Rétro F1 30 ans déjà : les jeux politiques de la saison 1993

Une domination qui dérange

A la charnière des années 80/90, la Formule 1 amorce un bond technologique conséquent avec l’essor de la télémétrie, la conception par ordinateur ainsi que les aides électroniques, Ferrari ayant ouvert la voie en 1989 avec la boîte de vitesse semi-automatique. Dès lors, une véritable course aux armements électronique s’engage, permettant aux écuries les plus solidement dotées en matière grise et en budgets, avec l’appui de grands constructeurs derrière, de développer des monoplaces de haut niveau. A ce jeu-là, Williams prend les devants et met au point en 1992 une redoutable FW14B dotée de l’antipatinage, de l’ABS et de la fameuse suspension active qui, couplée à un exceptionnel V10 Renault, devient une arme absolue. Nigel Mansell écrase la saison 1992 pour décrocher le titre mondial. Piquée a vif, McLaren emboite le pas et, malgré la parte du motoriste Honda fin 1992, se lance aussi dans la course aux puces électroniques.

Cette année-là déjà, la domination de Williams-Renault fait grincer des dents. Orpheline du duel Prost-Senna qui avait tant fait pour le succès planétaire du business F1, cette domination sans partage ou presque de Williams dérange le « boss » de la F1 Bernie Ecclestone, obnubilé par le show, mais aussi les rivaux de l’écurie anglaise. Et c’est sans compter aussi sur l’arrivée au pouvoir à la tête de la FISA, depuis fin 1991, de Max Mosley, ancien fondateur de March, ancien bras droit juridique d’Ecclestone et dont l’inimitié avec les autres teams managers britanniques comme Williams et McLaren est notoire. Dès 1992 donc, les premières salves sont tirées par Mosley, visant alors le carburant Elf du moteur V10 Renault et, in fine, la domination de l’écurie britannique et du motoriste français. Le pétrolier avait été accusé de tricher en utilisant des carburants non conformes, alors que Mosley, dont le cheval de bataille officiel était la « réduction des coûts » et « l’écologie », en accord avec Ecclestone, avait fait le forcing pour imposer des carburants standards issus du commerce (un comble quand on sait comment l’écurie Brabham d’Ecclestone avait gagné le titre mondial en 1983 avec un carburant illégal). Des menaces de disqualification avaient pesé sur Williams mais finalement le tandem Mosley-Ecclestone avait joué la carte de la conciliation face à la fronde et à la puissance politique des pétroliers, Elf ayant réussi à fédérer les autres industriels derrière lui. Il n’en sera rien en 1993 !
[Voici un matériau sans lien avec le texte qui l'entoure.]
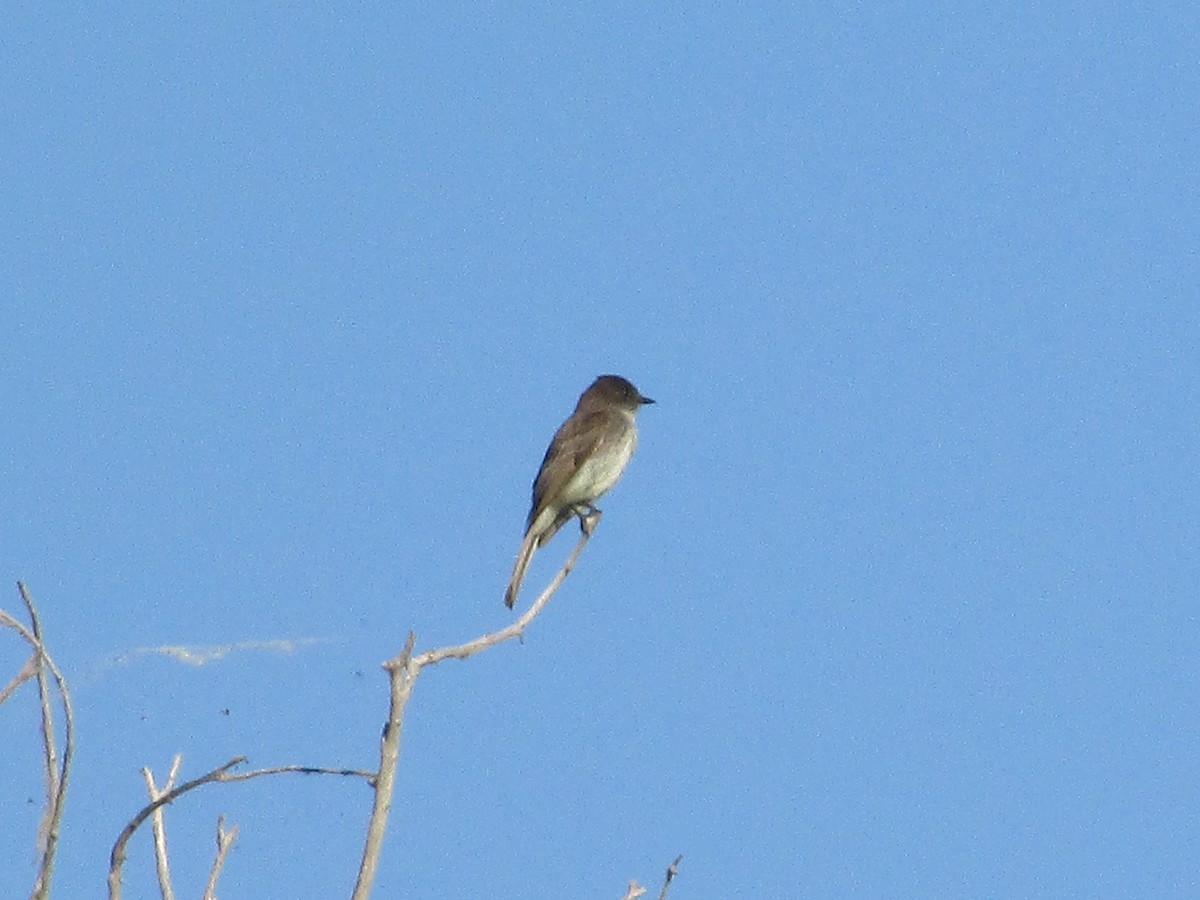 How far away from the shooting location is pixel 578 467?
11367 mm

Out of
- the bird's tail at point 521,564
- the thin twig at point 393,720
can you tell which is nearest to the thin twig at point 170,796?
the thin twig at point 393,720

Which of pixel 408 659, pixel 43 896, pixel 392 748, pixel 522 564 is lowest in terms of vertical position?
pixel 43 896

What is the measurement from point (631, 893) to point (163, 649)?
1.71 m

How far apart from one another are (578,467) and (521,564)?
944 millimetres

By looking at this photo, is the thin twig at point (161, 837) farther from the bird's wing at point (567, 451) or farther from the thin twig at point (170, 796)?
the bird's wing at point (567, 451)

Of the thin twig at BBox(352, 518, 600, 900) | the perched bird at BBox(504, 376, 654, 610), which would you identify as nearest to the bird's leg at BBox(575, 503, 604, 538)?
the perched bird at BBox(504, 376, 654, 610)

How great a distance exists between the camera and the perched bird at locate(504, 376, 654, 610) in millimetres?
11125

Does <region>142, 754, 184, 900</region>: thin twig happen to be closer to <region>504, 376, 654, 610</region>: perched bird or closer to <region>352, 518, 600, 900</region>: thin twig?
<region>352, 518, 600, 900</region>: thin twig

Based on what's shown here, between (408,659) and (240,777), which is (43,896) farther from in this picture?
(408,659)

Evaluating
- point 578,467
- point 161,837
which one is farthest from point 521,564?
point 161,837

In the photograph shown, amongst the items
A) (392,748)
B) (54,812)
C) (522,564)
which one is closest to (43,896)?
(54,812)

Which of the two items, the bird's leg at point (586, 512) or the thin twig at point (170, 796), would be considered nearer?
the thin twig at point (170, 796)

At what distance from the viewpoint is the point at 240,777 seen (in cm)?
440

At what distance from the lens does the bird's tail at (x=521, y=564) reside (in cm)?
1027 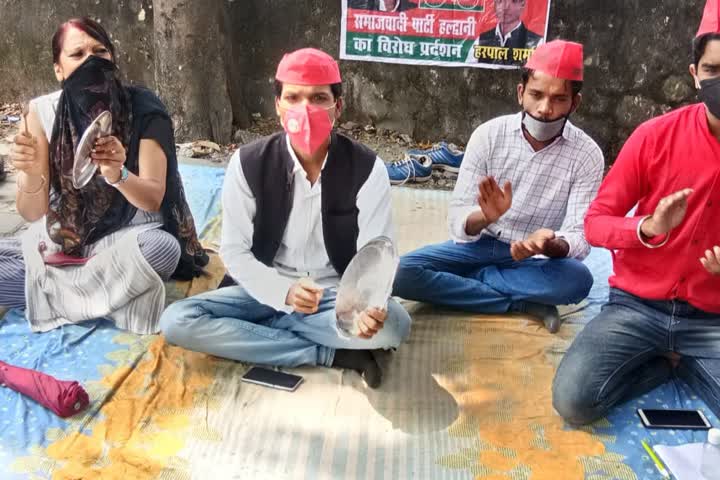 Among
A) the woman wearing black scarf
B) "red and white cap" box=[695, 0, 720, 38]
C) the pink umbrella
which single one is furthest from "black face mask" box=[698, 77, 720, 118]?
the pink umbrella

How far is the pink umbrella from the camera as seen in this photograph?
2090mm

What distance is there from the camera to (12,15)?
224 inches

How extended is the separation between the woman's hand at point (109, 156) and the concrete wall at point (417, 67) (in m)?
3.17

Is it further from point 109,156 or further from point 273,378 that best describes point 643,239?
point 109,156

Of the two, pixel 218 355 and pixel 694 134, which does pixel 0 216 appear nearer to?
pixel 218 355

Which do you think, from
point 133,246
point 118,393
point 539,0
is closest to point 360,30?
point 539,0

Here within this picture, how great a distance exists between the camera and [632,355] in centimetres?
223

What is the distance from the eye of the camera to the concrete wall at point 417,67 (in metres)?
4.75

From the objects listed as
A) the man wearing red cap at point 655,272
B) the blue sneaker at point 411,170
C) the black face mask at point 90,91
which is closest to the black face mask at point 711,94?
the man wearing red cap at point 655,272

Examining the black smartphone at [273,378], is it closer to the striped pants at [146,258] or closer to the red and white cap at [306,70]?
the striped pants at [146,258]

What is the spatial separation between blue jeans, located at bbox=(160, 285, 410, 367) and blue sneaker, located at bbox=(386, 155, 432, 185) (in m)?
2.11

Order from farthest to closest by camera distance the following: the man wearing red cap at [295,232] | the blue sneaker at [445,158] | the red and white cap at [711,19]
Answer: the blue sneaker at [445,158], the man wearing red cap at [295,232], the red and white cap at [711,19]

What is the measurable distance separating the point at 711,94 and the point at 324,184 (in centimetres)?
121

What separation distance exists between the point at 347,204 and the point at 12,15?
482 centimetres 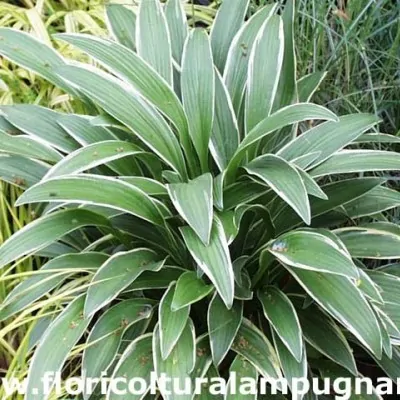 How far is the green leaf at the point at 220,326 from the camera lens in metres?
1.26

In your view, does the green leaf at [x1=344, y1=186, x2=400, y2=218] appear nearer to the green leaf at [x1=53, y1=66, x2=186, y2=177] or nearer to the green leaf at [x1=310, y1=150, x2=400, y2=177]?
the green leaf at [x1=310, y1=150, x2=400, y2=177]

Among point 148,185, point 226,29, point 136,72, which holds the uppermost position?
point 226,29

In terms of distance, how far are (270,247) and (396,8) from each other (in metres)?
0.95

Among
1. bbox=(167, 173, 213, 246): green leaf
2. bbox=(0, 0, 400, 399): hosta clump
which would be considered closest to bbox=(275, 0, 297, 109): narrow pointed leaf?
bbox=(0, 0, 400, 399): hosta clump

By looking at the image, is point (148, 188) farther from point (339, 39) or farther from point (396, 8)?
point (396, 8)

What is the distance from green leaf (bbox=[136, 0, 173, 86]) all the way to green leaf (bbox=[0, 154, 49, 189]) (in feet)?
1.10

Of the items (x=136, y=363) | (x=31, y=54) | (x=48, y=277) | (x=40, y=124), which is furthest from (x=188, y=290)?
(x=31, y=54)

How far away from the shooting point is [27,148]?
4.69ft

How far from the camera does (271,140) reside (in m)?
1.49

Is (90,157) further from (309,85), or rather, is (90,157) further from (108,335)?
(309,85)

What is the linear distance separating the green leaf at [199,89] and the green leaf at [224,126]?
0.19 feet

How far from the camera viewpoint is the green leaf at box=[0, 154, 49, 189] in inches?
57.6

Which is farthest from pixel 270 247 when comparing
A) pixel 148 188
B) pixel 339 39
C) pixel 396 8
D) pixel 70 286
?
pixel 396 8

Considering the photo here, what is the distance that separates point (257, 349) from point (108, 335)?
29 centimetres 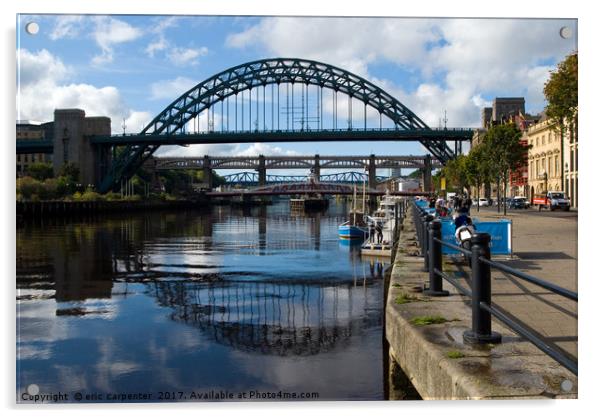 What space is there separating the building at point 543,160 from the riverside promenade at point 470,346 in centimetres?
5202

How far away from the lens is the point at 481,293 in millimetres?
5555

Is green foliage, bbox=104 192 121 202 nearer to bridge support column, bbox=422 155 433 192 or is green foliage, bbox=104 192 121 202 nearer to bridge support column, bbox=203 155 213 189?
bridge support column, bbox=422 155 433 192


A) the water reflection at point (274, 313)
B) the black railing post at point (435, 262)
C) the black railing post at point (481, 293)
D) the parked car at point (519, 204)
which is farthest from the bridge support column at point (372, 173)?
the black railing post at point (481, 293)

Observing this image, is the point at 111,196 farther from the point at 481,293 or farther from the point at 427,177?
the point at 481,293

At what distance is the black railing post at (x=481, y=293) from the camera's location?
5520 millimetres

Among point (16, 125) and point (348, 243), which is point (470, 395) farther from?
point (348, 243)

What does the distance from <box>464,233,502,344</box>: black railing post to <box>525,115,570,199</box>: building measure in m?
55.2

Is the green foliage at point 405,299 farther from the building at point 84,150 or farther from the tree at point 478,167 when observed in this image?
the building at point 84,150

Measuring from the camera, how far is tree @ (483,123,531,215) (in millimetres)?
50469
Une intersaison déjà savoureuse !

Il ne faut même pas attendre l’ouverture de la saison pour que les premières banderilles soient plantées ! Suite à une histoire farfelue de documents arrivés hors délais, Williams n’est pas inscrite dans un premier temps par la FOCA (association des constructeurs) au championnat du monde ! C’est évidemment une manœuvre pour mettre la pression sur Woking, qui est le principal obstacle au bannissement des aides électroniques.  Mosley-Ecclestone vont ainsi passer à l’offensive tout au long de la saison pour imposer leur règlement 1994 qui doit bannir ces fameuses aides électroniques :  s’il en va pour eux, officiellement, de la survie de nombreuses équipes et de redonner au pilotage toute sa place, d’autres, comme Ron Dennis, dénoncent un « nivellement par le bas », alors que Williams et Renault y voient surtout un moyen de les briser. En vertu des Accords Concorde, qui exige l’unanimité des membres pour entériner une décision, la FOCA consulte les autres équipes pour approuver au final l’inscription de Williams au championnat 93, mais deux opposent leur véto :  Flavio Briatore, patron de Benetton, et Giancarlo Minardi, qui, au nom des petites équipes désargentées (et sans doute piloté en sous-main) est parti aussi en croisade contre les aides électroniques. Malgré ce veto, le conseil mondial avalise l’inscription de Williams, mettant ainsi un coup de canif dans l’unanimité exigée par les Accords Concorde.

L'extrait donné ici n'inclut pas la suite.